Exercise instructions: All of the data should be restated word for word, with the pictures omitted.

Short text fragments from websites:
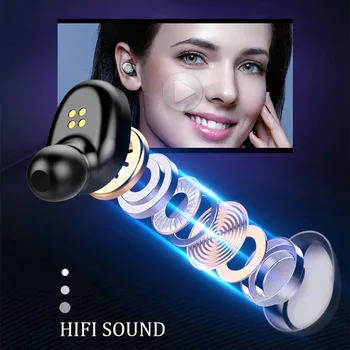 FLOVEME Hörlurar Trådlösa Bluetooth-TWS 5.0 Hörlurar LED-Display 2200mAh Fingeravtryck Touch Hörlurar Headset Med Mic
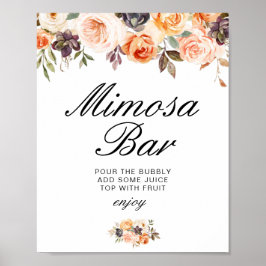 höstblommig bröllopsdusch mimosa bardisk skylt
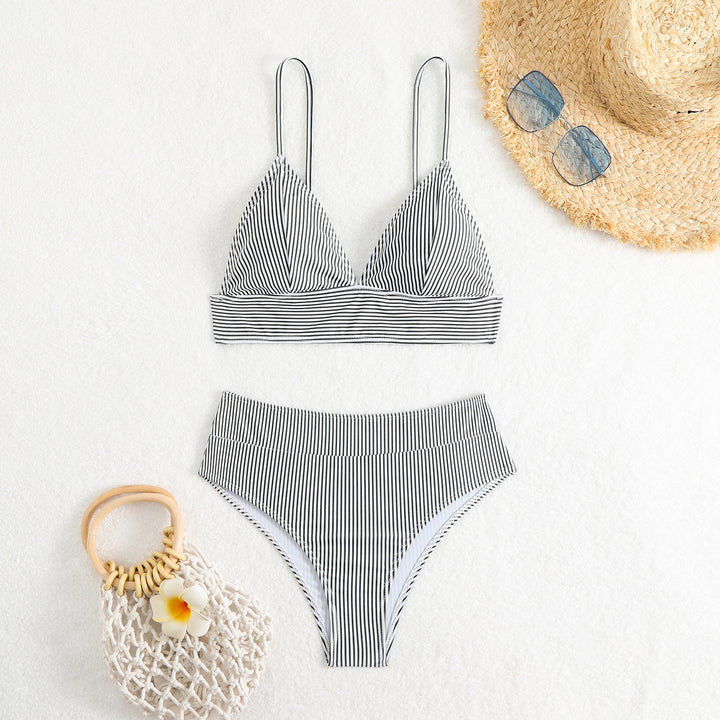 Damen Hochgeschnittener Bikini mit feinen Streifen Drune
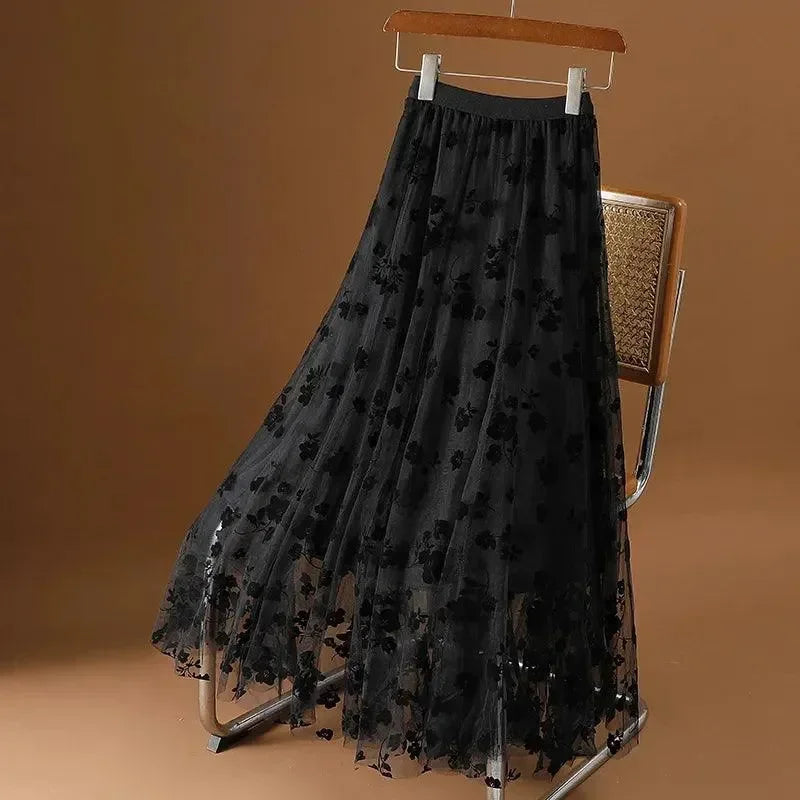 Women A-Line Skirt Mesh Embroidered - High Waist Maxi Women Skirt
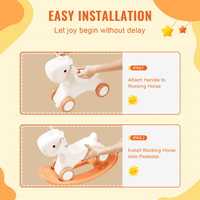 VEVOR 3 in 1 Rocking Horse for Toddlers 1-3 Years, Baby Rocking Horse with Detachable Balance Board and 4 Smooth Wheels, Support up to HDPE Material 80 lbs Kids Ride on Toy, 40° Swinging, Red - The Little Big Store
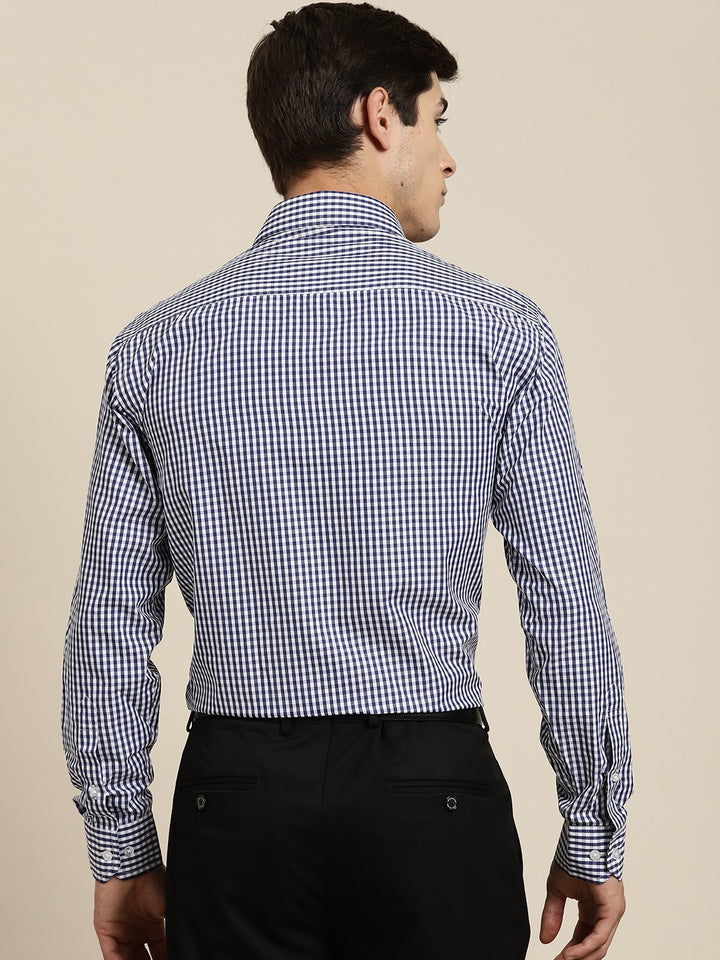 Men Navy Gingham Check Cotton Rich Slim fit Formal Shirt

Output:
 FLOVEME Hörlurar Trådlösa Bluetooth-TWS 5.0 Hörlurar LED-Display 2200mAh Fingeravtryck Touch Hörlurar Headset Med Mic
 höstblommig bröllopsdusch mimosa bardisk skylt
 Damen Hochgeschnittener Bikini mit feinen Streifen Drune
 Women A-Line Skirt Mesh Embroidered - High Waist Maxi Women Skirt
 VEVOR 3 in 1 Rocking Horse for Toddlers 1-3 Years, Baby Rocking Horse with Detachable Balance Board and 4 Smooth Wheels, Support up to HDPE Material 80 lbs Kids Ride on Toy, 40° Swinging, Red - The Little Big Store
 Men Navy Gingham Check Cotton Rich Slim fit Formal Shirt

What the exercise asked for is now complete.